The right hon. Lady is making a powerful case for change. What does she now believe to be the best course for her Government to take to facilitate a decision in this area?
I thank the hon. Lady for her intervention. I will come to that issue in the short time that I have left.
I commend the hon. Member for Walthamstow for bringing this issue before us today, but the House must understand—and she made this clearer today than during her intervention yesterday—that repealing sections 58 and 59 of the Offences Against the Person Act 1861 would have profound impacts for the whole United Kingdom. I am not saying that those changes could not be strongly argued for, but I believe that today’s debate is about the situation facing women in Northern Ireland. We need to make sure that we are focusing on that in particular, because although decriminalisation is an option—the hon. Lady is right—it is not the only option for improving the situation for women in Northern Ireland. I want to draw on three particular issues.
First, is there a disconnect between public opinion and the policies being pursued in Northern Ireland? What progress has been made on the ground and what action, if any, can the Government take to make sure that, if progress is lacking, things can be done to rectify that? When I read the research—I also read the consultation, which was extensive and thorough—I thought that a strong argument could be made for a call for change to be inherent in the community in Northern Ireland. I do not represent that community; as I look at Northern Ireland Members, I hope that in their contributions they will explain why there is an apparent difference between the public opinion being offered to us and the approach being taken to date by the devolved Administration. I deliberately tread carefully and respectfully on this matter. I truly believe that we should not start any changes here that would make people feel disfranchised as part of this process.

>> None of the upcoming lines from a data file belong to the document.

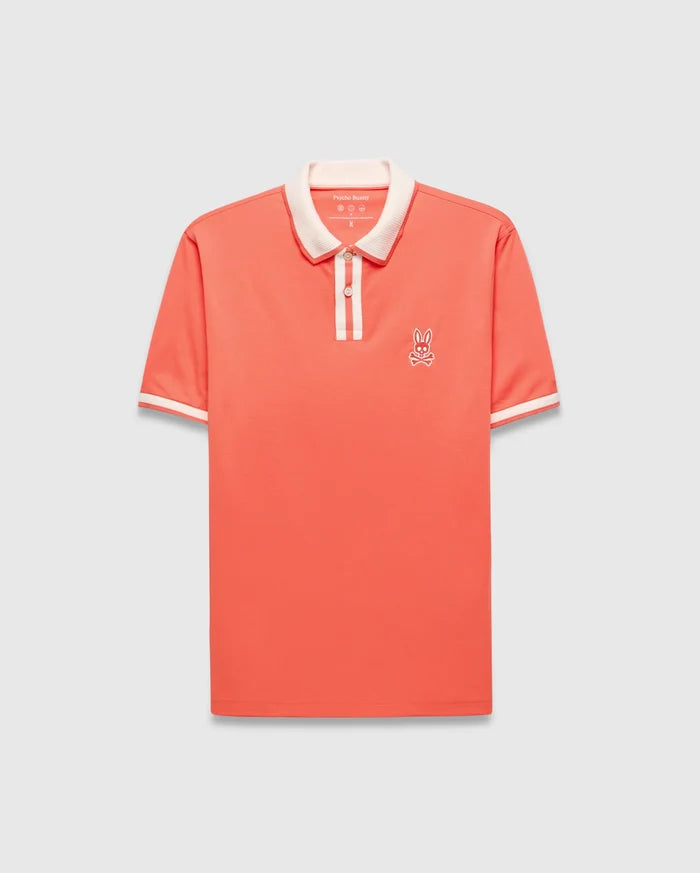 Mens Ridley Pique Polo in coral pique, featuring a classic fit, cream ribbed collar and cuffs with stripes, a two-button placket with cream stripe, and an embroidered white Psycho Bunny skull logo on the left chest.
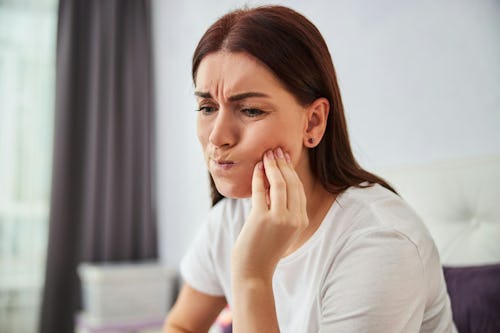 Image of a lady with a painful expression on her face with hands placed on her jaws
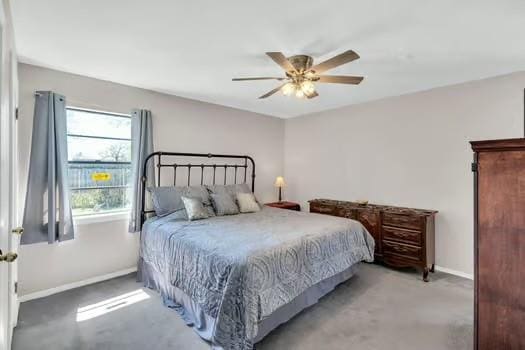 carpeted bedroom featuring a ceiling fan and baseboards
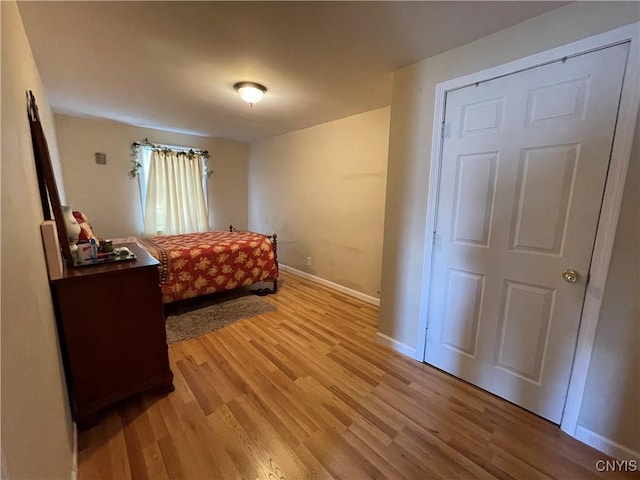 422 N James St, Rome-Inside, NY 13440 - bedroom with light wood-style floors and baseboards
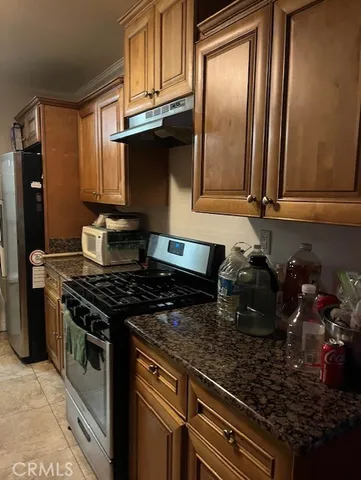 a bathroom with a sink and mirror with toilet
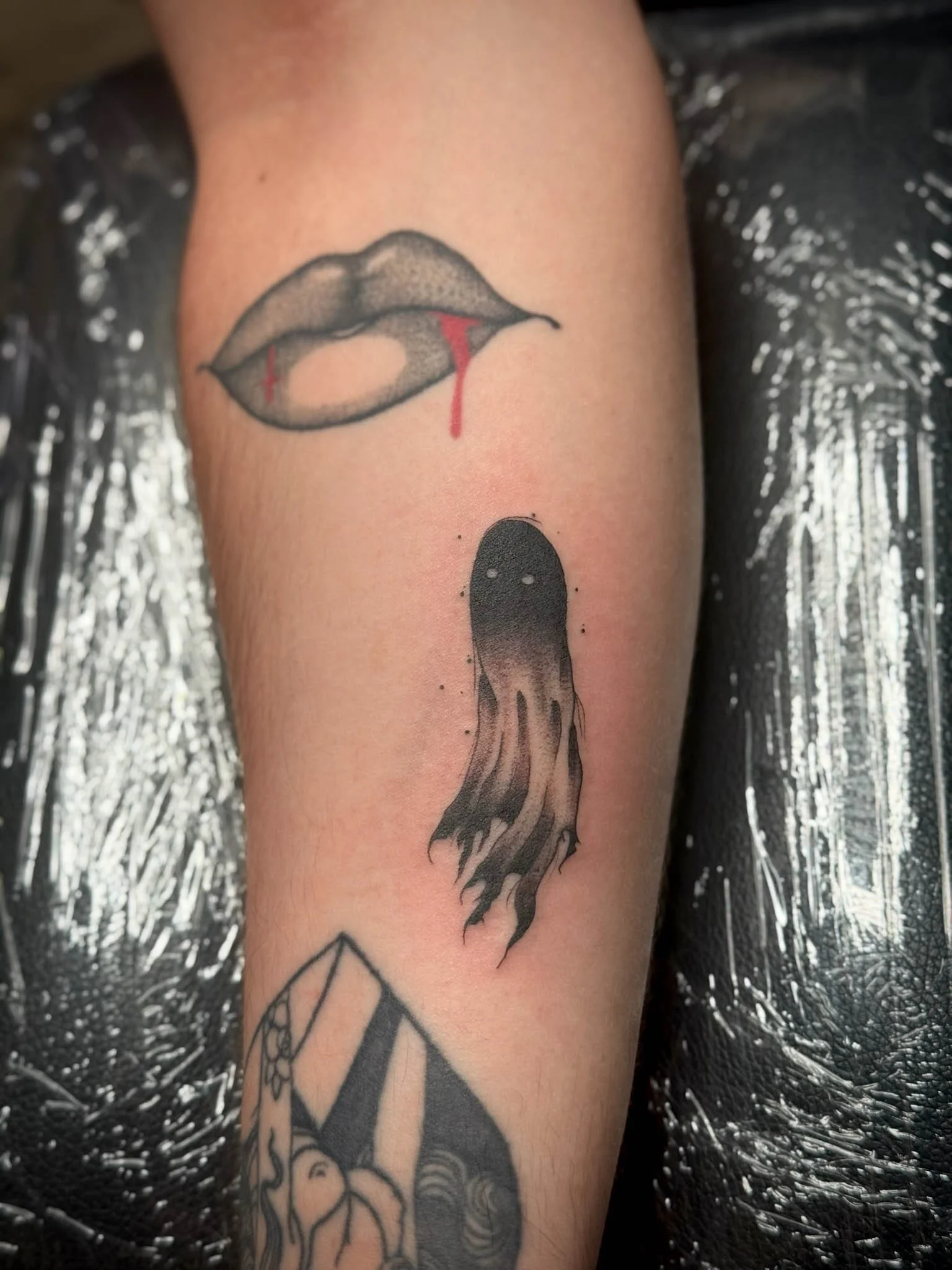 Tattoo of lips with a droplet of red hanging from the lower lip and a small ghost-like figure beneath, with part of a geometric design visible below.
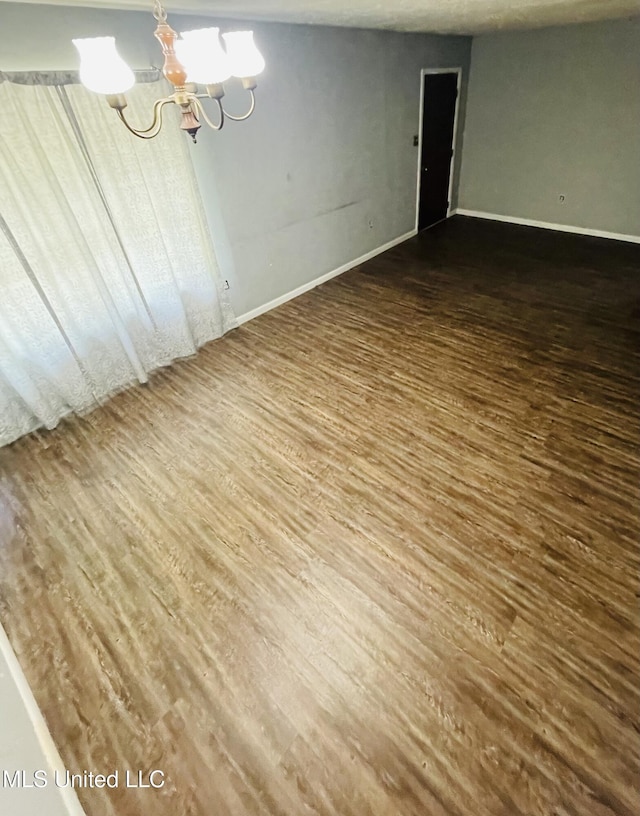111 Brookfield Dr, Natchez, MS 39120 - unfurnished room with a chandelier, wood finished floors, and baseboards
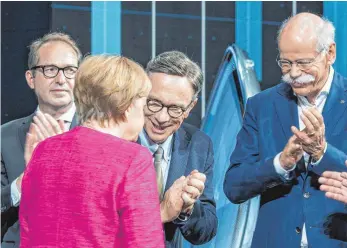  ?? FOTO: DPA ?? Verkehrsmi­nister Alexander Dobrindt (CSU, links),VDA-Präsident Matthias Wissmann (Mitte) und der Vorstandsv­orsitzende der Daimler AG, Dieter Zetsche (rechts), applaudier­en der Bundeskanz­lerin Angela Merkel (CDU, vorne) bei ihrem Eröffnungs­rundgang auf...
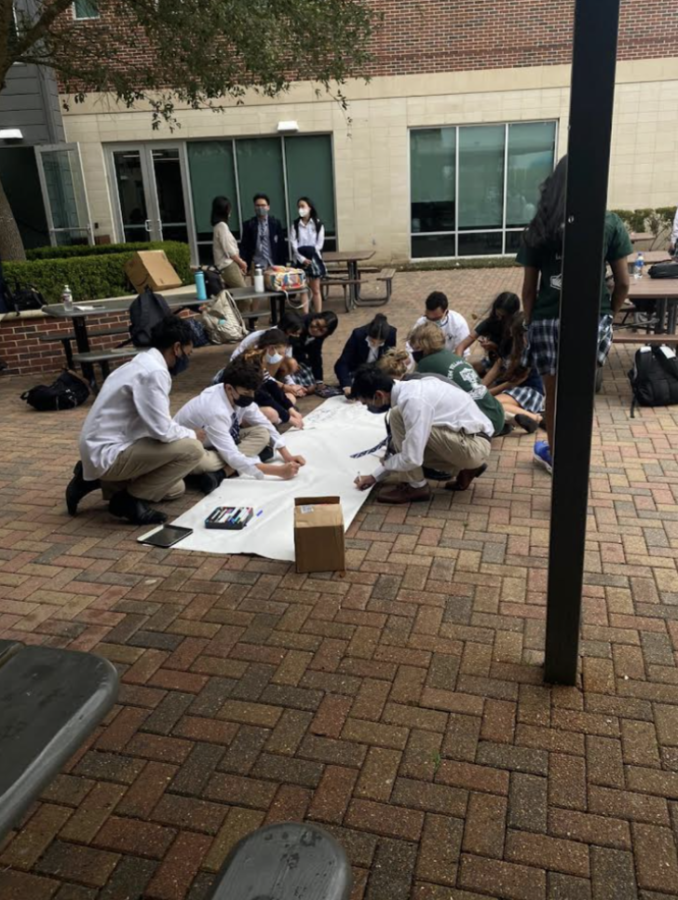 Thor students creating a piece of art with their fellow house members.
Photo taken by Zixin Wang (11).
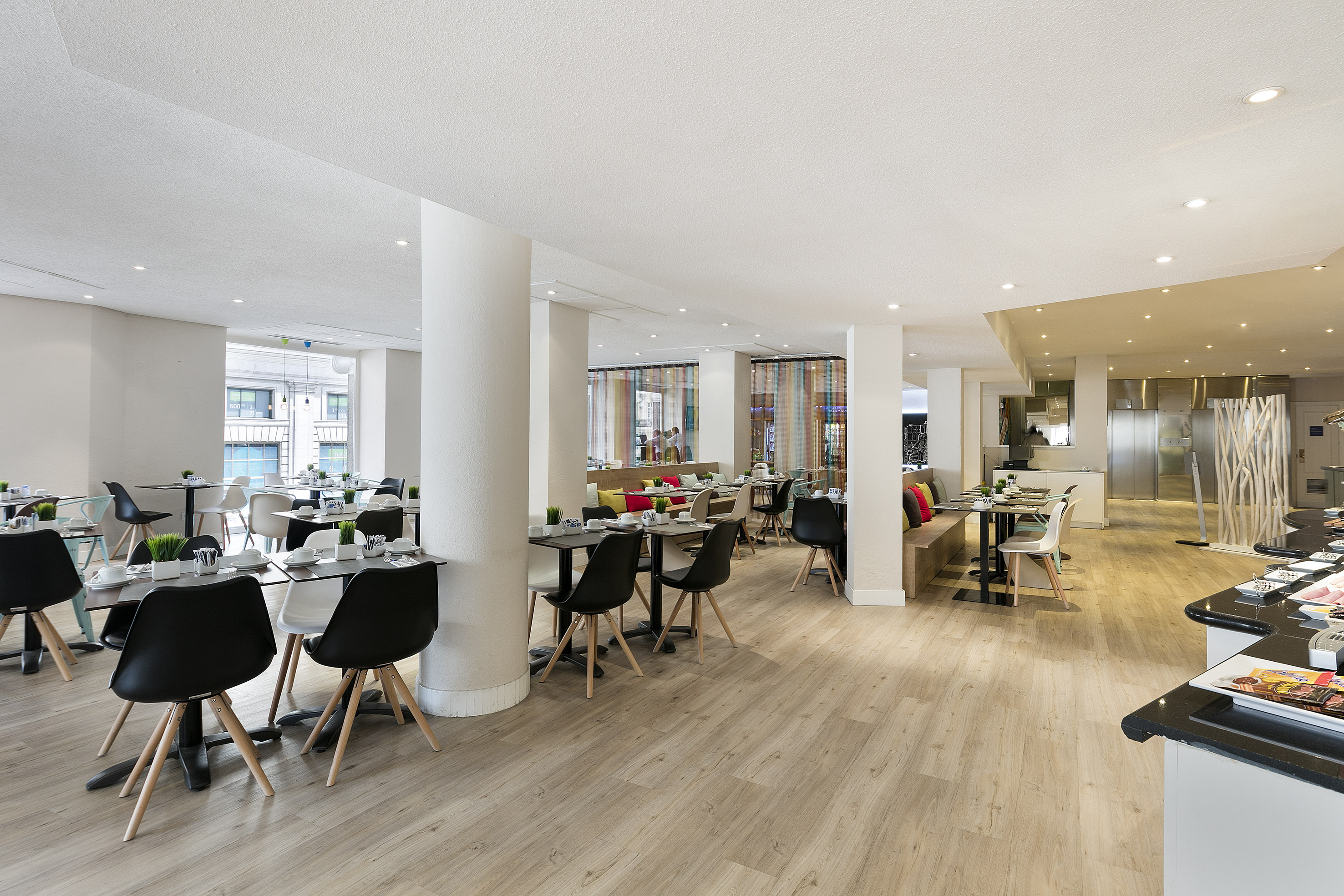 a room with tables and chairs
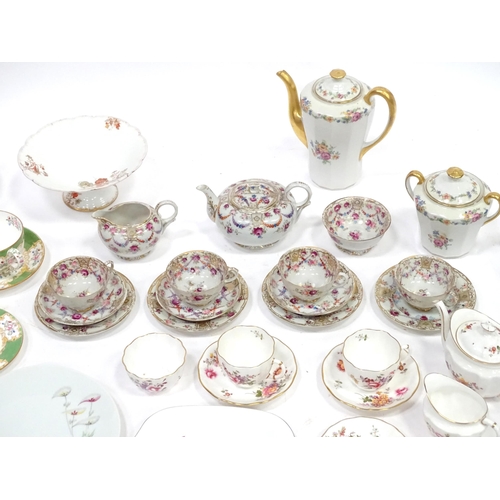 277 - A quantity of assorted tea / coffee wares to include cups and saucers, trios, cake / sandwich plates... 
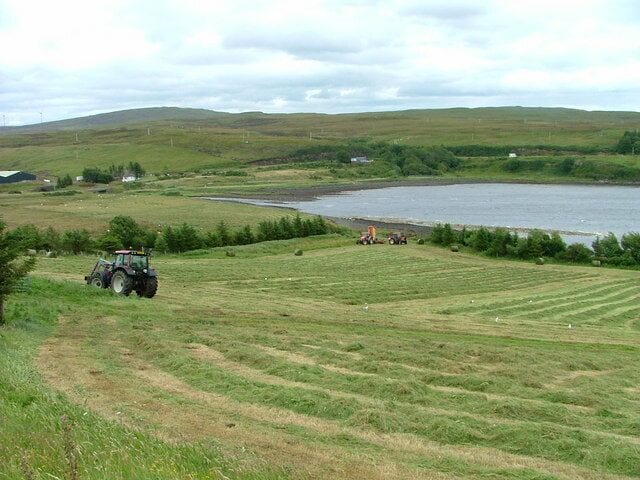 Cutting silage at Feorlig Overlooking Loch Caroy.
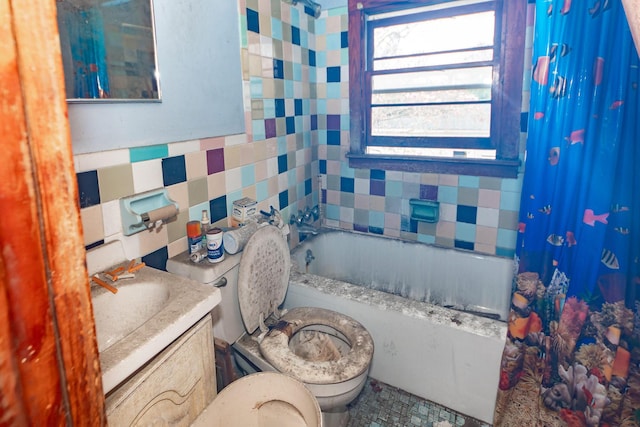 bathroom featuring shower / bath combination with curtain, vanity, toilet, and tile walls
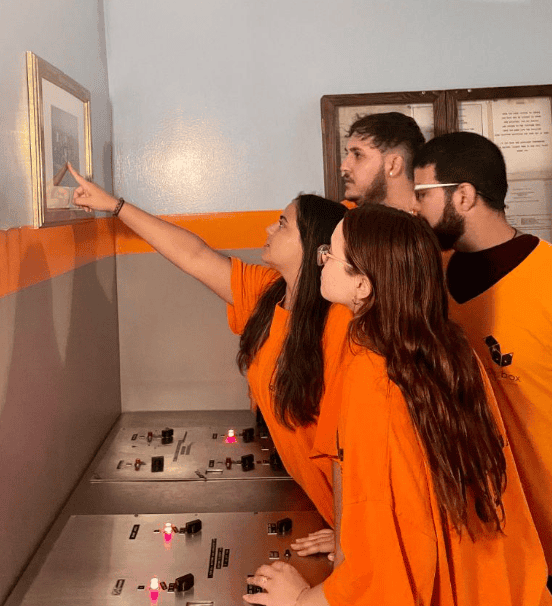 Escape Room Miami team solving puzzle together at Fox in a Box.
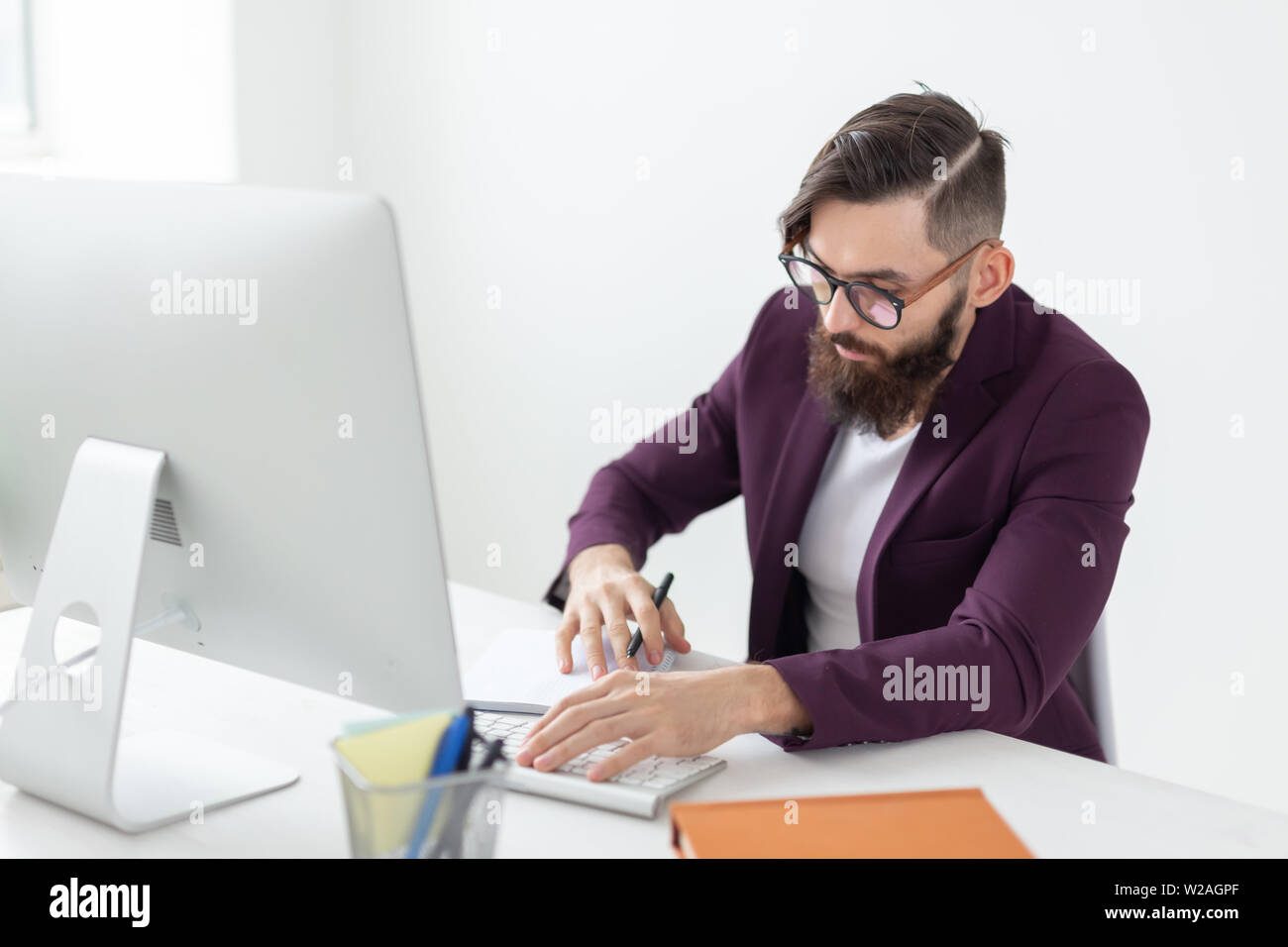 people, design and style concept - graphic designer sketching new ...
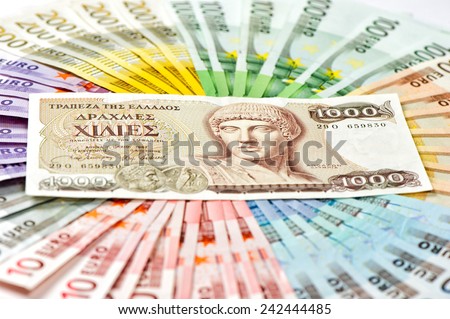 old greek drachma and euro cash banknotes. greece euro crisis concept. selective focus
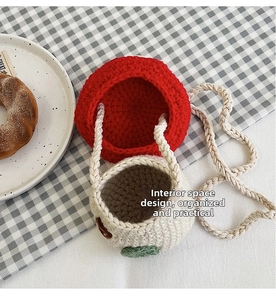 Close-up of handmade crochet mini crossbody bag showing detailed knit texture and inner space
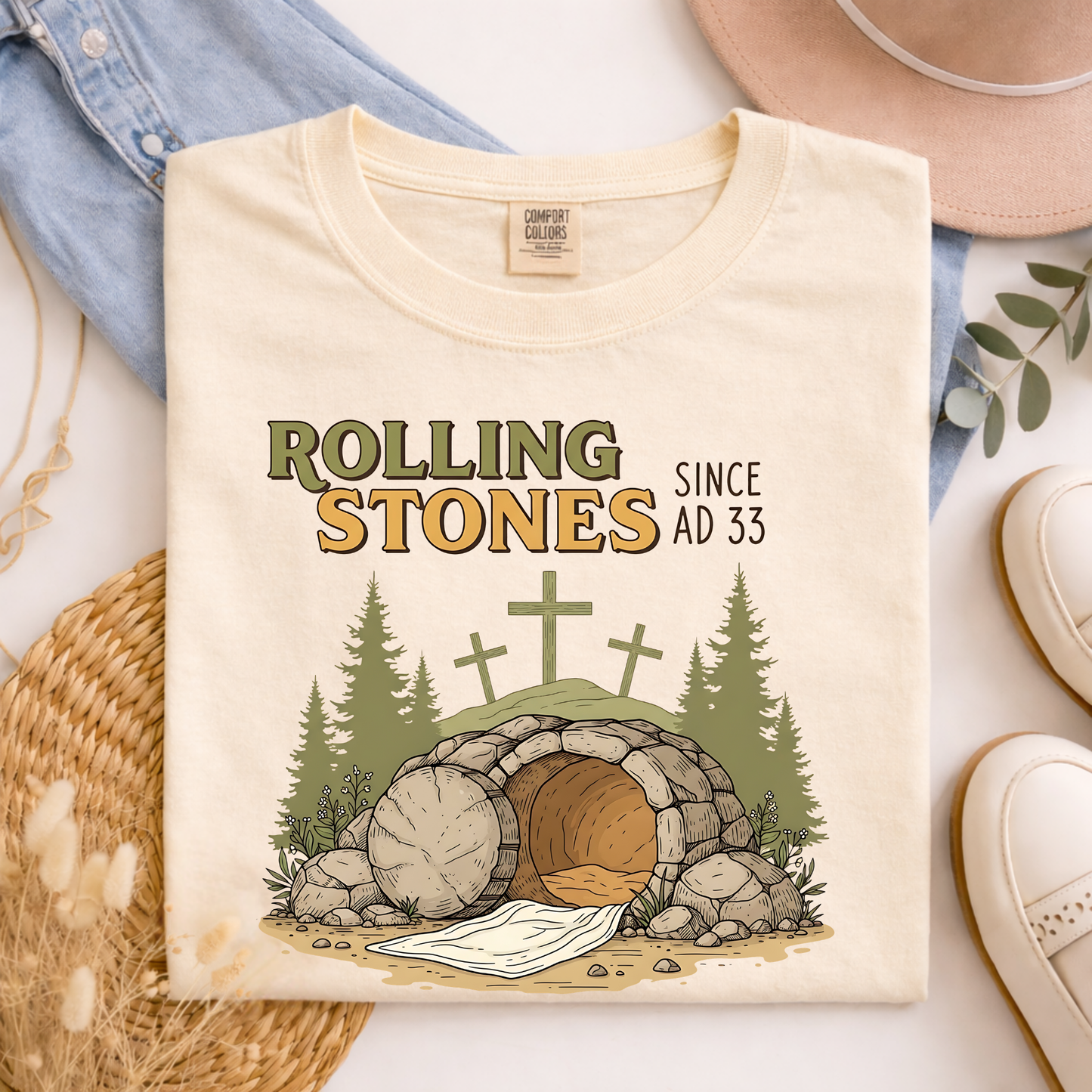 Comfort Colors ivory Christian graphic tee with empty tomb design folded with soft neutral styled background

Secondly, we have to recognise that a great deal of progress has already been made; there has not been much detail about that so far in this debate. There was the consultation in 2014 and the report in 2015 mentioned
“a pressing need”
for
“change to the criminal law…to provide for lawful termination of pregnancy…in…clearly defined circumstances”.
That has already been called for. In 2016, legislation was introduced by the then Minister for Justice to bring about some of those changes. In 2018, just last month, a report from a working group on fatal foetal abnormalities again recommended that change should come in.
Change is called for. What can we do today to try to make sure that the absence of an Executive and an Assembly does not stand in the way? There are clearly opportunities with the case that is going through the Supreme Court, and I hope that the Minister is able to share with us more about the Government’s feelings on that. Perhaps the Minister can also talk about the action that can be taken in the absence of an Executive, to continue the deliberations and the important detailed work needed in this place.
Will the right hon. Lady give way?
I will not, if the hon. and learned Lady will forgive me.
I simply do not believe that no action will be taken when the Northern Ireland Assembly is formed again, but if none is, what can the Government do to ensure that there are no potential breaches of international conventions such as the ones I have already talked about?
This place legislated to devolve powers on abortion to Northern Ireland. We cannot ride roughshod over that, and we have a responsibility to uphold the law. Equally, the lack of a functioning Assembly hampers progress. Westminster has a right to disagree with the Assembly and the actions that it has taken, and this debate should be a vigorous exploration of all those arguments. But we have clear international responsibilities to outlaw discrimination against women. We need to make sure that we, as Westminster parliamentarians, are doing for that for women in the four corners of the United Kingdom.